エリスは無垢な少女である。
 彼女は光、彼女は夢。
 ただただ美しい存在。

 主人公・太田豊太郎の目線で描かれた「青春の幻影」の物語である『舞姫』において、ヒロイン・エリスはただ美しく、それゆえに哀しい。

 森鴎外原作ではあるが、植田景子作のこの作品は、名前だけ借りた別物、景子先生のオリジナルだと言ってもいいと思う。
 主役の人格も物語のテーマもなにもかも違い、名前と基本設定・物語の流れだけが同じ、じゃ、「実在の人物を主人公に物語を作りました。実在の人物なんで人物関係も出来事も史実通りですが、他は全部フィクションです」とゆー『THE LAST PARTY』と同じじゃん。

 つーことで、そのオリジナルな『舞姫』。
 豊太郎とその恋人・エリス、親友・相沢。3人の主要人物それぞれが罪を犯す物語

 「夢」の具現であるエリスの犯した罪は、もちろん彼女が純粋すぎ、汚い現実世界で生きられなかったことにある……が。
 愛ゆえに壊れた美しい人、という、「よいイメージ」だけで終始するのではなく、彼女が具体的に犯した、致命的な罪について。

 もしも武士を相手に町人の娘が、
「名誉のために死ぬなんてバカじゃないの?」
 と言ったら、斬り捨てられても仕方ないよな? 斬り捨て御免、死を持って償え、てな致命的犯罪だわな。
 それも、今まさに「名誉のために自害」した武士の家族の前でソレを言ったら。
 
 エリスは、豊太郎にソレをした。

 豊太郎が本来の豊太郎なら、「日本人」であり、「武士」である豊太郎のままであったら、その場でエリスを殺し、自分も自害していると思う。
 豊太郎が魅力的なのは、彼が絶対に責任転嫁しないことだ。
 なにごとも、自分で決め、自分で責任を負う。
 彼は自分の意志と責任で、エリスを殺し、己の生命でもってけじめをつけただろう。
 本来ならば。

 エリスはそれだけ徹底的な、取り返しのつかない過ちを犯しているが、そもそもの過ちの根幹であるところの無知さにより、自分の罪にすら気づかない。

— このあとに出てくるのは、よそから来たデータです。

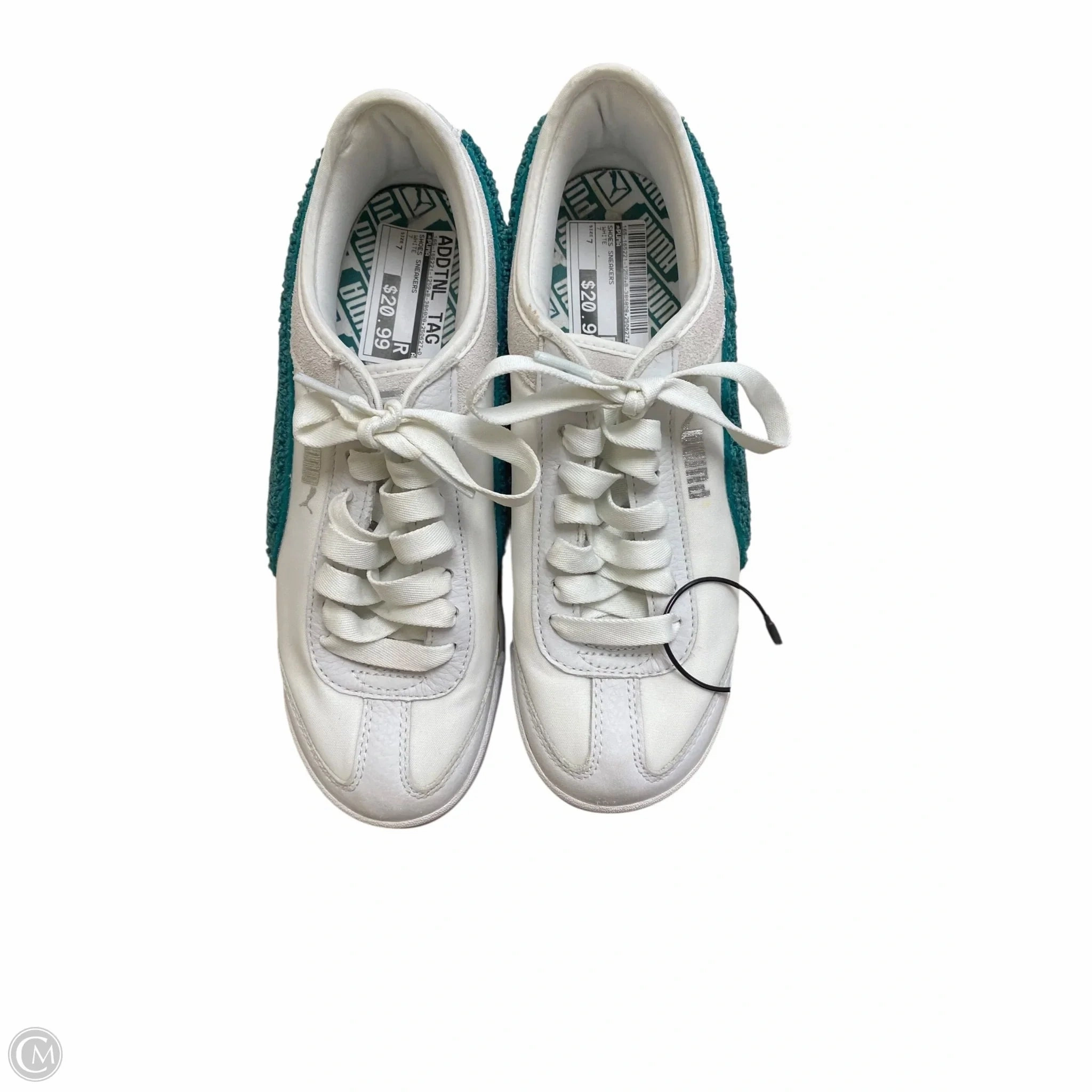 Loafers style Wide Toe Box Option Shoes Sneakers By Puma In White, Size: 7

 日本人だからドイツ人だからとかゆー話ではなく、生命を懸けた価値観を、浅慮さゆえに全否定する愚かさ。無神経さ。
 「わからない」ことは仕方ないかもしれないが、何故ソレを今ここで口に出す? いくらなんでも無神経すぎるだろう。愚かすぎるだろう。殺されなかったのは、相手が豊太郎だったからであって、武士でなくても死んだ家族をあのタイミングで貶められたら激昂するぞ? ドイツ人同士でも殺されたかもしれないぞ?

 このことからわかる通り、彼女はただ「愛している」と言うだけで、豊太郎を理解する気がまったくない。
 人間として、あまりに幼く、矮小だ。

 彼女の美しさ、純粋さは、ただの愚かさだ。
 なにも知らないからきれいなだけ。汚れる前だからきれいなだけ。汚れたらそのことに耐えきれずに逃げ出してしまう。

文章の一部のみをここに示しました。